In Folta v. Norfork Brewing Co., No. 22-3518 (8th Cir. Dec. 22, 2023), the Eighth Circuit dismisses an appeal from a case where all the claims settled, despite the defendant’s argument that it reserved the right to appeal in the settlement.

“Norfork operates a small brewery in Arkansas. Folta was employed there from approximately May 2018 through February 2021. In this action, he claimed that Norfork and [owner] Aamodt failed to provide overtime compensation, as required by the FLSA, when he worked more than forty hours per week.”

The parties cross-moved for summary judgment. The defendants argued that they were not a covered employer, while the plaintiff argued that “if he were covered by the FLSA, then the undisputed facts showed that he would be entitled to overtime pay. The district court agreed with [plaintiff] Folta and granted partial summary judgment for him on entitlement to pay. But neither the denial of summary judgment nor the grant of partial summary judgment was a final decision that could be appealed . . . . Therefore, the case remained pending in the district court to resolve whether Folta was a covered employee under the FLSA.”

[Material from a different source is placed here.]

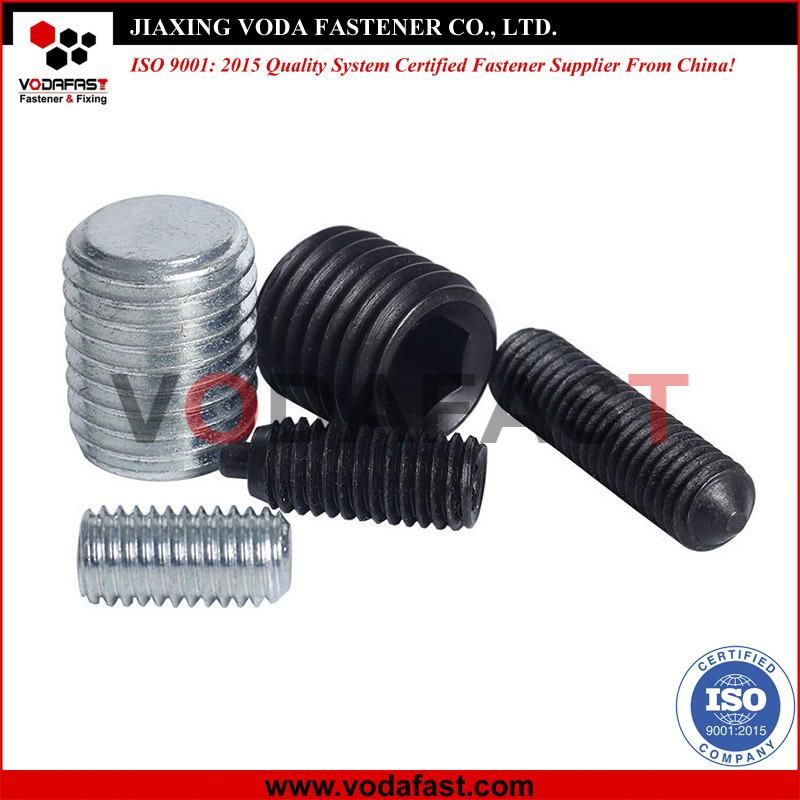Vodafast Set Screws Series Class 4.8 8.8 10.9 12.9 Zinc Plated and Black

The case then settled. Defendant Norfork nevertheless appealed, seeking “to challenge the denial of its motion for summary judgment and the grant of partial summary judgment for Folta. Among other things, Norfork maintains that the district court lacked subject matter jurisdiction over the case; the company asserts that whether an employee is covered under the FLSA is a ‘jurisdictional’ question. Folta responds that the appeal is moot in light of the settlement, and that this court lacks appellate jurisdiction in any event because the district court never entered a final decision. See 28 U.S.C. § 1291.”

The Eighth Circuit dismisses on mootness grounds. “The settlement agreement in this case is not in the record, but the district court characterized it as ‘resolving Plaintiff’s FLSA claims.’ Because the settlement resolved all of Folta’s claims, there is no live case or controversy.”

“Norfork asserts that the settlement agreement reserved its ability to pursue its ‘jurisdictional’ argument on appeal. According to the company, the agreement states that Norfork ‘does not waive any defense asserted in the litigation.’ But where the parties have settled their claims, they cannot avoid mootness by agreement . . . . Even if we assume that parties could in some circumstance maintain a live controversy by providing in a settlement agreement for a right to appeal, . . . the language cited here is insufficient. Norfork asserts that the agreement did not ‘waive any defense,’ but the company cites no provision unequivocally reserving a right to appeal. The language would be insufficient to allow an appeal from a consent judgment.”